Commerce, Justice, Science Appropriations Bill Approved By Subcommittee

Apr 12, 2011
Press Release

Commerce, Justice, Science Appropriations Bill Approved By Subcommittee
Contains “unsustainable” increases in spending
WASHINGTON, D.C. – The House Commerce, Justice, Science Appropriations subcommittee today approved its annual bill to fund the various federal agencies within its jurisdiction. The proposed legislation totals $64.4 billion – a $6.8 billion or a 12% increase over last year.
House Appropriations Ranking Republican Rep. Jerry Lewis praised the bill’s focus on providing funding for important national programs but underscored the need to prioritize programs to keep spending within responsible and prudent levels.
“This proposal’s double digit increase in overall spending is excessive and unsustainable,” Lewis said, “During this time of economic struggle and record deficits, we must make tough choices to focus our limited actual resources on the most important national priorities, while restraining spending in other areas.”

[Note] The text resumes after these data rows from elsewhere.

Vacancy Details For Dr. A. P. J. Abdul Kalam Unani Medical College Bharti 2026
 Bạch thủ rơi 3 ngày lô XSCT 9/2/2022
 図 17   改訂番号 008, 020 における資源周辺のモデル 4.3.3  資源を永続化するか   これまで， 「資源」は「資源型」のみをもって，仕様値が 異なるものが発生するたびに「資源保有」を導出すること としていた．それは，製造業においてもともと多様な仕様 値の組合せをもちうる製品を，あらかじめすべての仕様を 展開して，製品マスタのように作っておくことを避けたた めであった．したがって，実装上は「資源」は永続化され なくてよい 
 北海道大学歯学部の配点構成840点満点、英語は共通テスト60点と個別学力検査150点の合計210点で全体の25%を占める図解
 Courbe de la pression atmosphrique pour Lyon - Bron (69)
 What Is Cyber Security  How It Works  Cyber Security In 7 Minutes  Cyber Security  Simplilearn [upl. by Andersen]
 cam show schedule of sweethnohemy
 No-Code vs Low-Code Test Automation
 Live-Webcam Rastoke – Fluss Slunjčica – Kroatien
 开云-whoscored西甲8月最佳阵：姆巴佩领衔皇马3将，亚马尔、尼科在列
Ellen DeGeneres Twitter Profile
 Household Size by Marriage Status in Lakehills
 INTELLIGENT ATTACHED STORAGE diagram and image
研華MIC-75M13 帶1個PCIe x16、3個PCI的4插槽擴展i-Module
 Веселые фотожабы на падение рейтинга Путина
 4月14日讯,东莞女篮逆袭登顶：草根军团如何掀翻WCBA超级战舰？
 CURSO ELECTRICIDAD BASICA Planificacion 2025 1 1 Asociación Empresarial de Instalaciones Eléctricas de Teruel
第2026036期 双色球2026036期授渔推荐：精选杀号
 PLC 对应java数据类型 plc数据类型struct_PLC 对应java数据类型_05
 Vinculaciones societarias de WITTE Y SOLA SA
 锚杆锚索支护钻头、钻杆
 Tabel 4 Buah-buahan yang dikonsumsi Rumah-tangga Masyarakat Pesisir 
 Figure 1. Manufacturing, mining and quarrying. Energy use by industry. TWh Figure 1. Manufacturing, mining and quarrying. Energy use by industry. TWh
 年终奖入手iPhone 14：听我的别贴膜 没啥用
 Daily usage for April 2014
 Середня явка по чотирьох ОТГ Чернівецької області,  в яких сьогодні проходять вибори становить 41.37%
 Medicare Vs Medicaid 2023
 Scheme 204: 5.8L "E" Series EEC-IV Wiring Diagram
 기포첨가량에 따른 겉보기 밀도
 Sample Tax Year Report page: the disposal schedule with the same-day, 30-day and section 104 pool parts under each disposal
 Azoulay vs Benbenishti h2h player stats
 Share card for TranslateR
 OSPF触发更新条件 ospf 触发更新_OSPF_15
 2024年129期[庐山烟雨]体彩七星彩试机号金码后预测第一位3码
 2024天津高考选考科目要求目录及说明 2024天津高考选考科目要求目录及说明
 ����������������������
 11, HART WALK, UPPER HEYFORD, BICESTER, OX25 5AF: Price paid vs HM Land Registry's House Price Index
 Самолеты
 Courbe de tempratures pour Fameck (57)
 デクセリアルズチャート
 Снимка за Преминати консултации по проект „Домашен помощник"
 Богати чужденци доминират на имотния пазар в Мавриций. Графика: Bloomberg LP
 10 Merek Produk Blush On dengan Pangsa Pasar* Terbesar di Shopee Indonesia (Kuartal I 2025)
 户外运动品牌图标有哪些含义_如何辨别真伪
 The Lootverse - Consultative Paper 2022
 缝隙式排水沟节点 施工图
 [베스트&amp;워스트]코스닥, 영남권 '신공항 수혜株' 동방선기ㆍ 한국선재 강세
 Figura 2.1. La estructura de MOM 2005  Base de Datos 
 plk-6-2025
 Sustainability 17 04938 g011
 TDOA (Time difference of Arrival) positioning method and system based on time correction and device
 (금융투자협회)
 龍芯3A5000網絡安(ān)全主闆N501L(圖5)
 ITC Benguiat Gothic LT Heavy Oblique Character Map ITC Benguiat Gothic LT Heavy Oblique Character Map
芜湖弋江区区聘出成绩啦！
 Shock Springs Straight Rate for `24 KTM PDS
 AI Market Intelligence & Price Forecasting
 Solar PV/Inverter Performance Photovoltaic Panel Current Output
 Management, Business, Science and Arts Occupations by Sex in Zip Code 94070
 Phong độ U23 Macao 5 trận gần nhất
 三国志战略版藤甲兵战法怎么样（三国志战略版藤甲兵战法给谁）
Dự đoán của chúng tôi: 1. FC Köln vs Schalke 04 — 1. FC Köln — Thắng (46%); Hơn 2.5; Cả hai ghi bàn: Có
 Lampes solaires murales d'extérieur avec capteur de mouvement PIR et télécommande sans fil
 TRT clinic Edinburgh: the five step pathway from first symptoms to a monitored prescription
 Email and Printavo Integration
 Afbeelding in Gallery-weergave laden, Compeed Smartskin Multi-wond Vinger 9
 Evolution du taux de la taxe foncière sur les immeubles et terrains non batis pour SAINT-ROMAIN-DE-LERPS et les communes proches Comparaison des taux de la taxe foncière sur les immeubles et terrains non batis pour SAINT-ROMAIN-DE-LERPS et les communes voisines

Subcommittee Ranking Republican Rep. Frank Wolf also expressed concern with the proposal’s cost, saying that the overly-generous allocation meant that Congress would be able to avoid making tough but necessary decisions to maintain fiscal discipline.
“This level of spending is unsustainable in light of our growing deficits and debt,” Wolf said. “I believe that we could have met the most urgent needs by prioritizing within a lower allocation.”
Both Lewis and Wolf expressed support for funding for programs of national importance in the bill - including the FBI, the National Science Foundation, and the State Criminal Alien Assistance Program (SCAAP). The SCAAP program was slated for elimination under the President’s budget request, but is funded at $300 million - or $100 million below last year’s level – in the subcommittee proposal. Wolf indicated that there will likely be attempts to increase this funding as the bill makes its way through the legislative process.
Another item of note is the proposal’s lack of requested funding for closing the Guantanamo Bay detention facility. The subcommittee bill also includes language to restrict the transfer or release of detainees into the United States.